In 1976 the average cost of a JetRanger was $160,000, which is equivalent to approximately $760,000 today. Not exactly a common thing to see in the rural farmland of Benton County, Indiana. Police at the time said that a helicopter of that type would’ve been limited to major corporations or the very wealthy. According to the witnesses, the helicopter approached from the northeast, swung towards the southwest, and lowered, hovering over the Skoog crops, lifted back up, heading west, quickly disappearing into the northwest.
On October 9th, 1976, the Unknown Woman was given a pauper’s burial in Fowler Cemetery. With no headstone marking her grave, the woman’s body would lie there, mostly forgotten for the next 43 years. With all leads exhausted and no new information coming in, her murder case was about as cold as one could get.
At the end of June 2019, the Benton County Coroner received a search warrant and order to exhume the Unknown Woman’s body. A team from the Human Identification Center at the University of Indianapolis carefully excavated the grave, finding the simple wooden coffin had almost entirely disintegrated. Still, her remains were quickly found inside a body bag. After first being taken to the Tippecanoe County morgue, her body was then brought to the University of Indiana, where the investigation would begin. Unfortunately, this was not a high-profile case, and it appears that any new information they might have gleaned from the research has not been made public as of yet.

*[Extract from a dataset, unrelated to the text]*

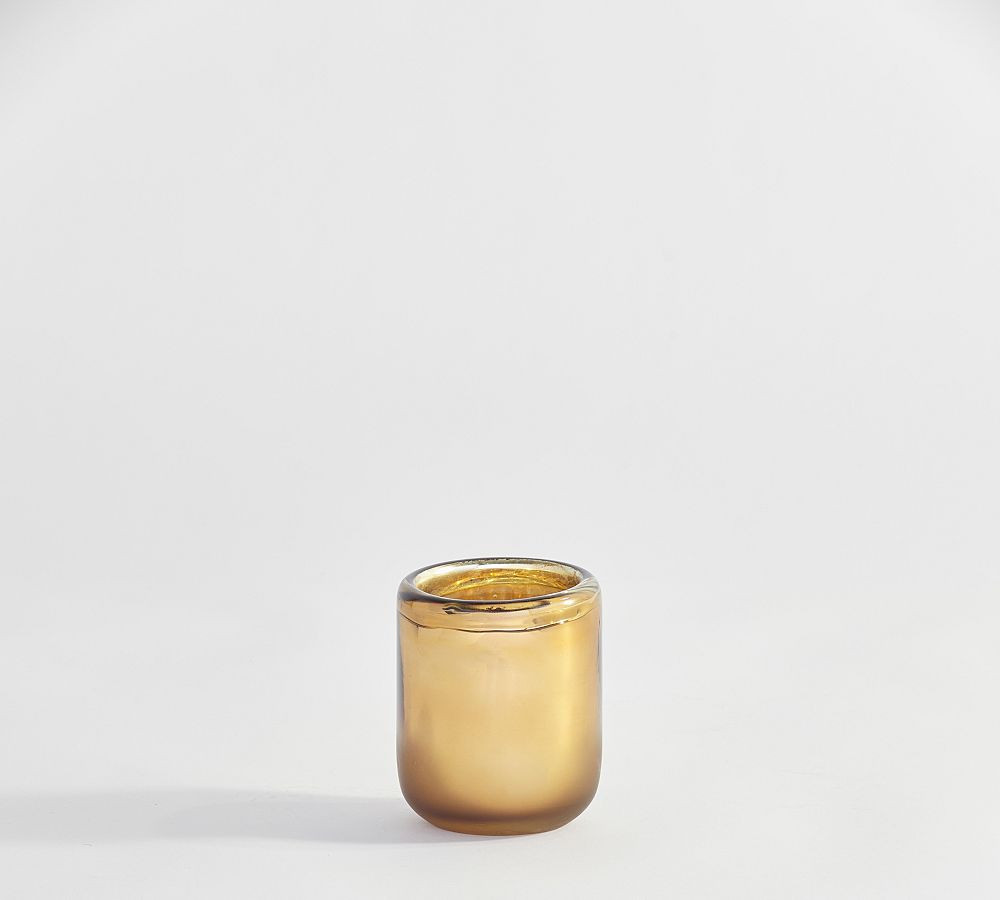 Brie Handcrafted Mercury Glass Hurricane Candleholder | Pottery Barn (US)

What is known for sure is that it took more than one person to leave her body at that location. Whether it was transported by car or helicopter, it was too heavy for one person to lift on their own. I fully believe there are those still out there that have the answers to this mystery. Let’s hope that, at the least, the mystery of who this woman was is solved, and she can be buried under her proper name. And maybe, with increased awareness and technology, police will be able to determine who was responsible for her murder.